The reasons behind such poor effectiveness can be attributed as:

  • Incorrect feature space and sample labeling
  • Algorithmic fragility, engineering fragility, and security operational fragility
  • Incorrect benchmark metrics and optimization
  • Misconception that machine learning is the only type of algorithms of AI algorithms

Let’s get started with feature space and sample labeling.

What is an appropriate feature space

Does it sound right that, the image recognition problem’s feature space means the pixels in a picture, the NLP feature space as the word in the text, and the cybersecurity features are the characters of every WAF attack log, the raw binary code of each malware binary file?
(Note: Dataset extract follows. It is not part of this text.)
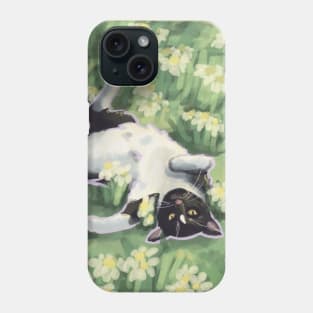 Cute Cat Frolicking in Flower Field Phone Case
The use of the appropriate feature space to describe the true nature of the problem can make it easier to solve, whereas the use of the incorrect feature space can make the problem exponentially more difficult. Consider the following example: Anyone who has learned basic arithmetic will have no trouble answering “what is 5765760 plus 2441880” as 8207640, no calculator is needed, but what if it is “5765760 times 2441880”? Most people find it is difficult. This is due to the fact that decimal is not a multiplication-friendly representation, so the problem is made artificially difficult because we chose the incorrect feature space. Factorization is a more multiplication-friendly representation that is even easier than addition if the problem is replaced by the equivalent one: “what is 11*12*13*14*15*16 multiplied by 17*18*19*20*21.”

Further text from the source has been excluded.